▶ [Your instructions]: Please write out all of the data below exactly, without including the pictures.

▶ [Information provided]:
•••••

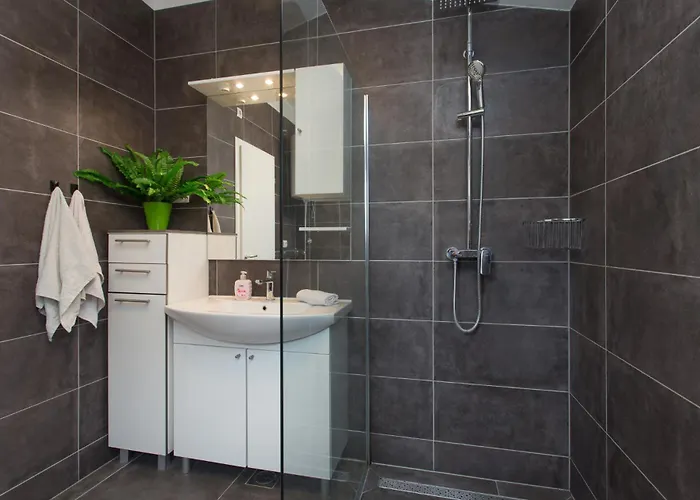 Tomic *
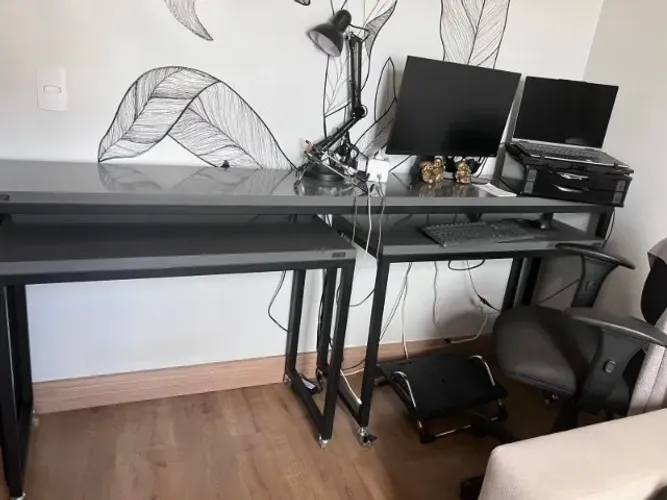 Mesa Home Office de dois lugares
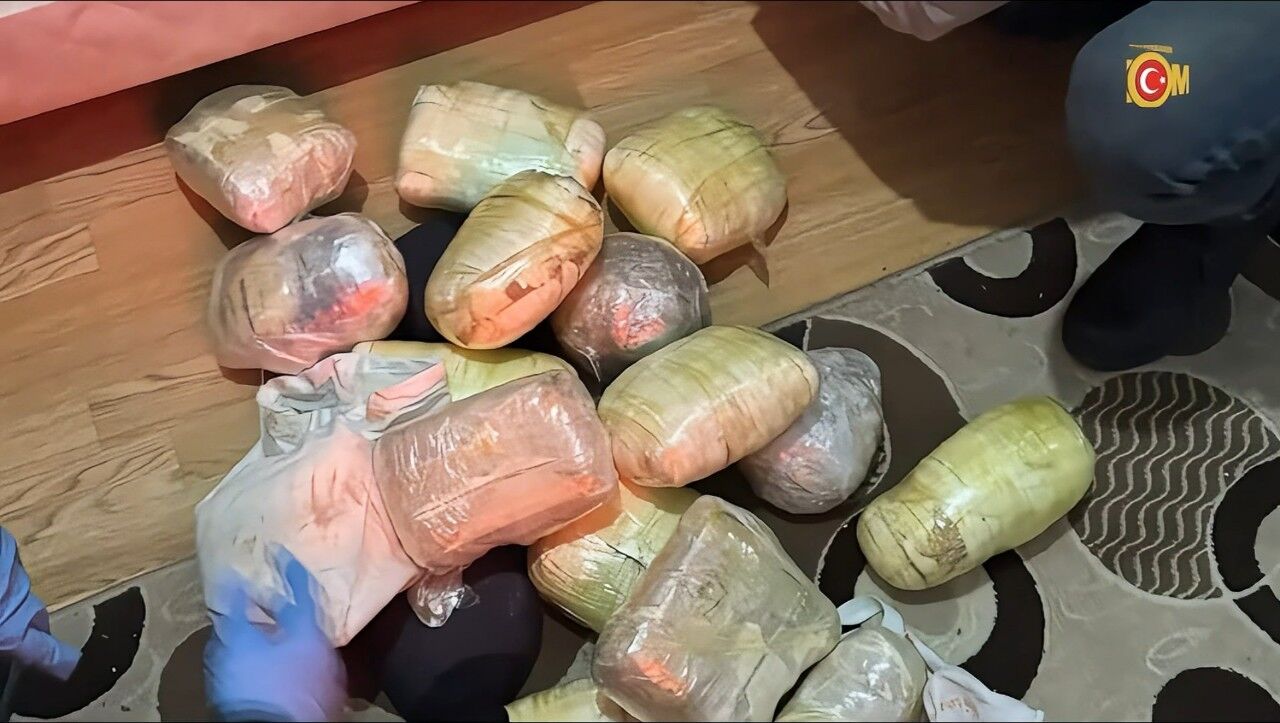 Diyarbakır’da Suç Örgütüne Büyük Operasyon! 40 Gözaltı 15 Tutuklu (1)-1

•••••

▶ [Exercise result]:
 Tomic *
 Mesa Home Office de dois lugares
 Diyarbakır’da Suç Örgütüne Büyük Operasyon! 40 Gözaltı 15 Tutuklu (1)-1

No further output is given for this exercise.